[Input records]
↓

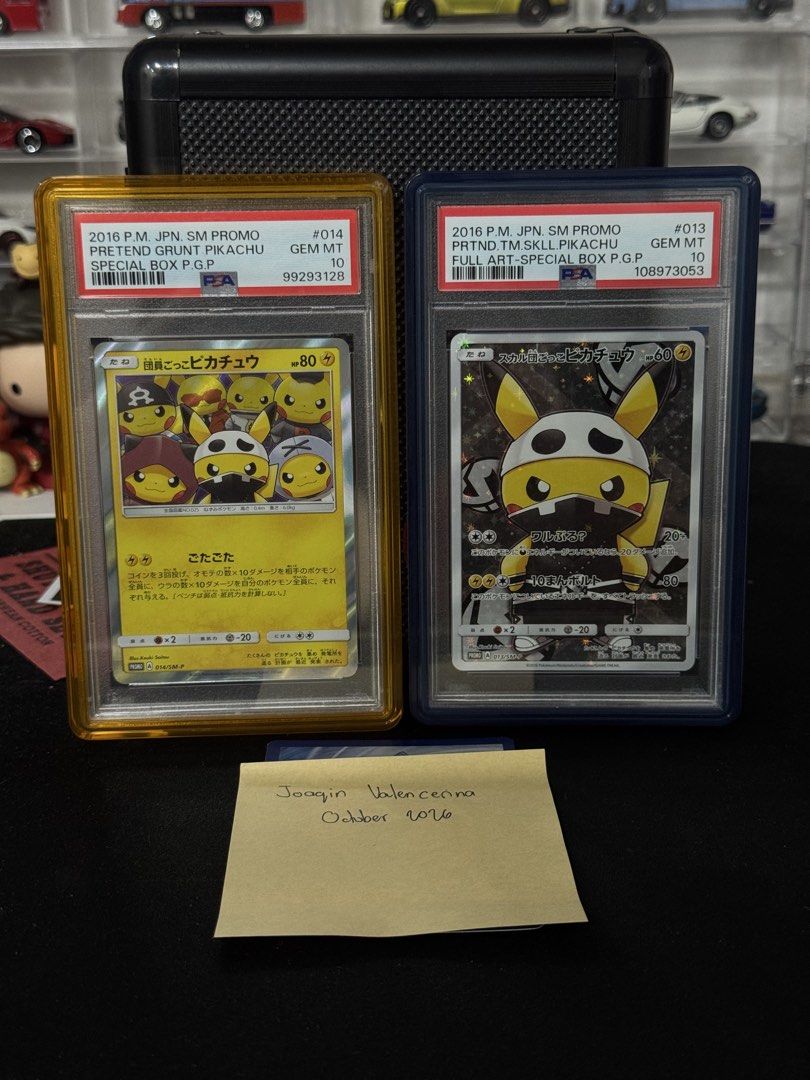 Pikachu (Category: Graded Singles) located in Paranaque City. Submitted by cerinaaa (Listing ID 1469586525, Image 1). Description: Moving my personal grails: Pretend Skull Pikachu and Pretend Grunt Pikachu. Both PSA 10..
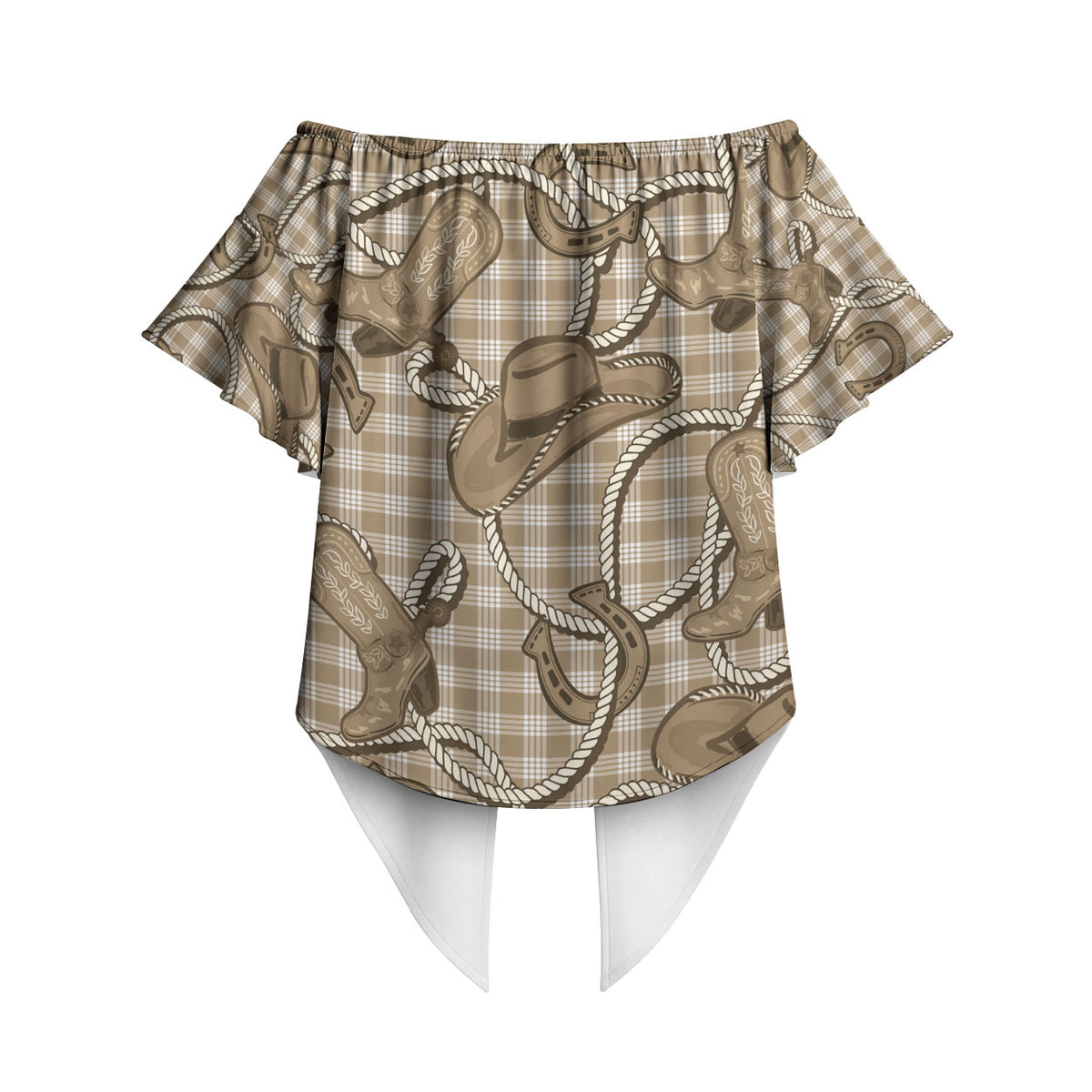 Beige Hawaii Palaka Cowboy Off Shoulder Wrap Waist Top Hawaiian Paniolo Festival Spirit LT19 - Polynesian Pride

↑
↓

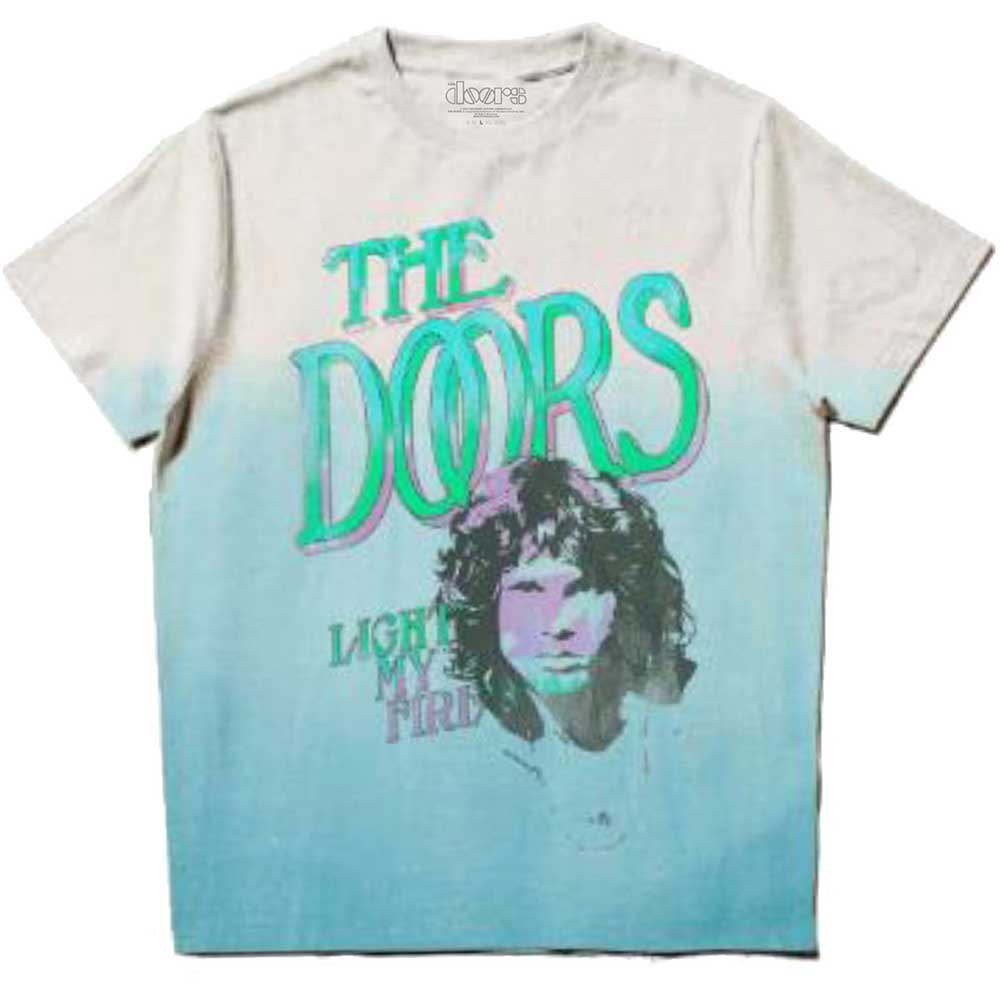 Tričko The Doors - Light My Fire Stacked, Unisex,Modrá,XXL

↑
↓

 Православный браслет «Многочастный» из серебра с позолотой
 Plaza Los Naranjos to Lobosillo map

↑

[What is being asked] Write out again exactly the lines above from the one with "Pikachu (Category: Graded" through the one with "Beige Hawaii Palaka", adding no other lines and no pictures.

[Written reply]
 Pikachu (Category: Graded Singles) located in Paranaque City. Submitted by cerinaaa (Listing ID 1469586525, Image 1). Description: Moving my personal grails: Pretend Skull Pikachu and Pretend Grunt Pikachu. Both PSA 10..
 Beige Hawaii Palaka Cowboy Off Shoulder Wrap Waist Top Hawaiian Paniolo Festival Spirit LT19 - Polynesian Pride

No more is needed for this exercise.